WORK TO BE COMPLETED:
In your reply, repeat every entry exactly and skip over each picture.

** Opening DATA SHOWN block **

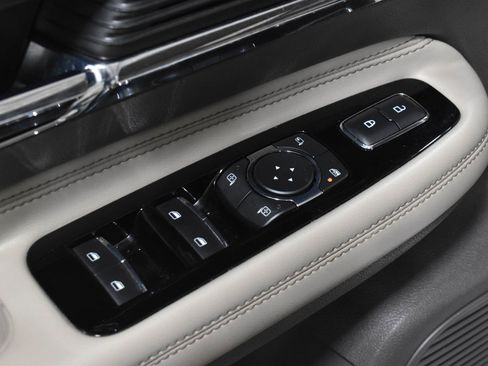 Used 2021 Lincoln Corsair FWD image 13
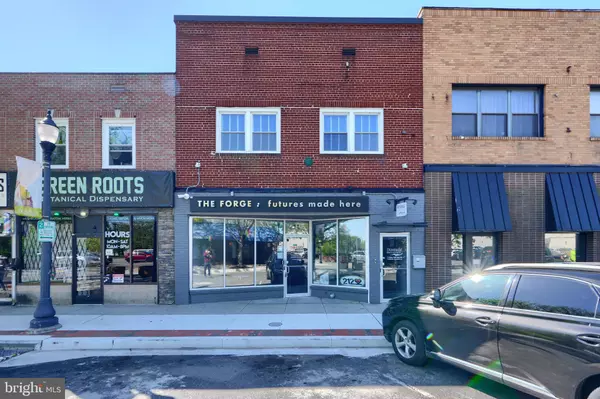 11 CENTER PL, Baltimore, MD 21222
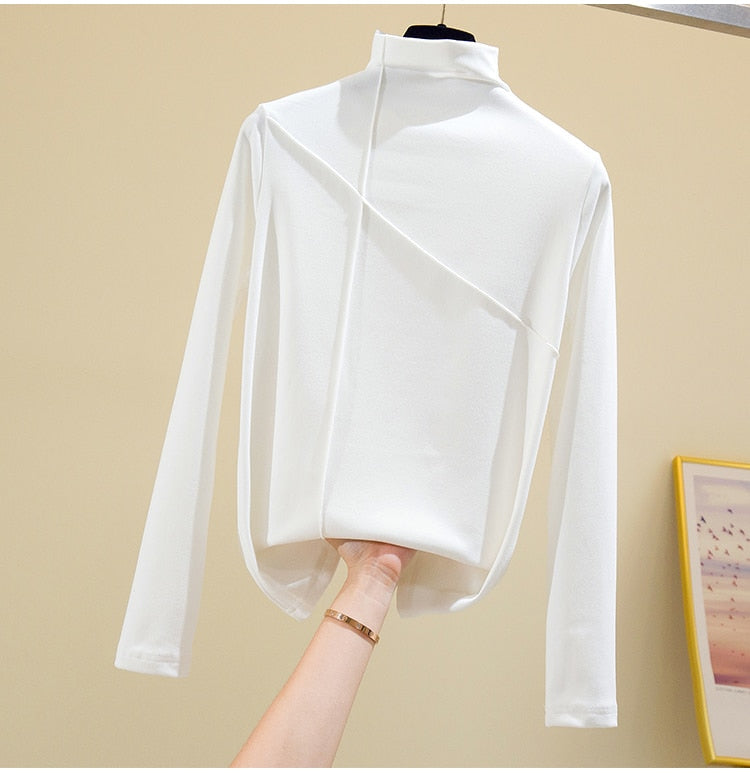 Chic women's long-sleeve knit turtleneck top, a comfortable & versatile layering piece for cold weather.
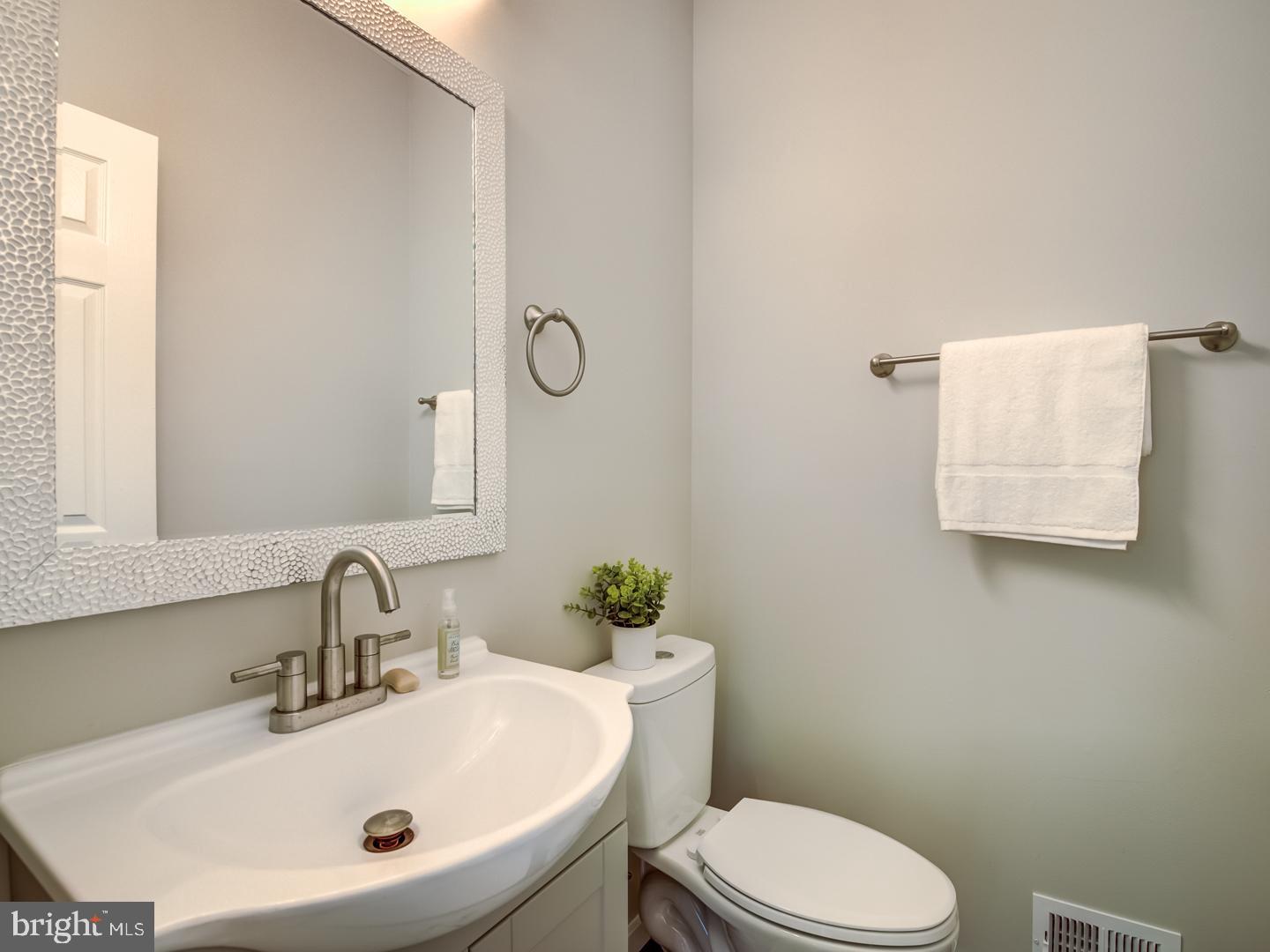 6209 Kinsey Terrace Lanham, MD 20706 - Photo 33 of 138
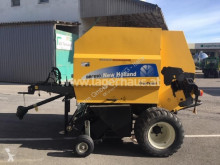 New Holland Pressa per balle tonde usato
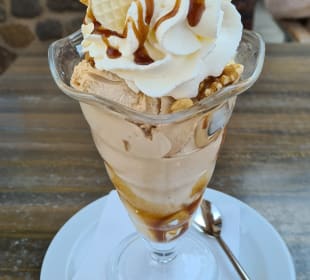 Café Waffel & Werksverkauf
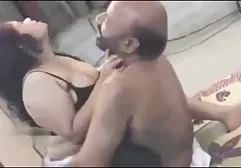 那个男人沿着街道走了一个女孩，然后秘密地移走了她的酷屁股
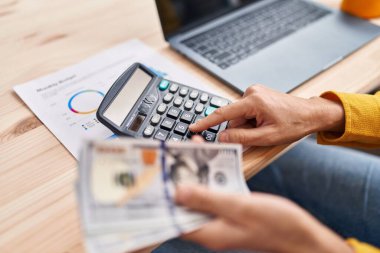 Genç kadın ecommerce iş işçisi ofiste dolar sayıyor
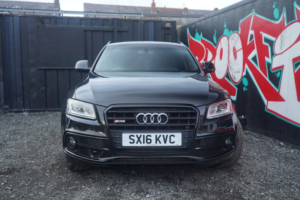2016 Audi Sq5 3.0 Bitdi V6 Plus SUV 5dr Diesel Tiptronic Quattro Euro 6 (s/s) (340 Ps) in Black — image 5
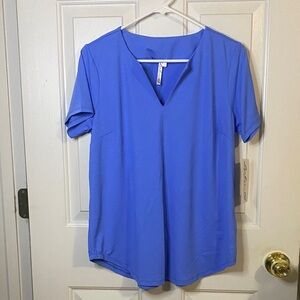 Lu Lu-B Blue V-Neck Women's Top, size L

** Closing DATA SHOWN block **

ANSWER SECTION:
 Used 2021 Lincoln Corsair FWD image 13
 11 CENTER PL, Baltimore, MD 21222
 Chic women's long-sleeve knit turtleneck top, a comfortable & versatile layering piece for cold weather.
 6209 Kinsey Terrace Lanham, MD 20706 - Photo 33 of 138
 New Holland Pressa per balle tonde usato
 Café Waffel & Werksverkauf
 那个男人沿着街道走了一个女孩，然后秘密地移走了她的酷屁股
 Genç kadın ecommerce iş işçisi ofiste dolar sayıyor
2016 Audi Sq5 3.0 Bitdi V6 Plus SUV 5dr Diesel Tiptronic Quattro Euro 6 (s/s) (340 Ps) in Black — image 5
 Lu Lu-B Blue V-Neck Women's Top, size L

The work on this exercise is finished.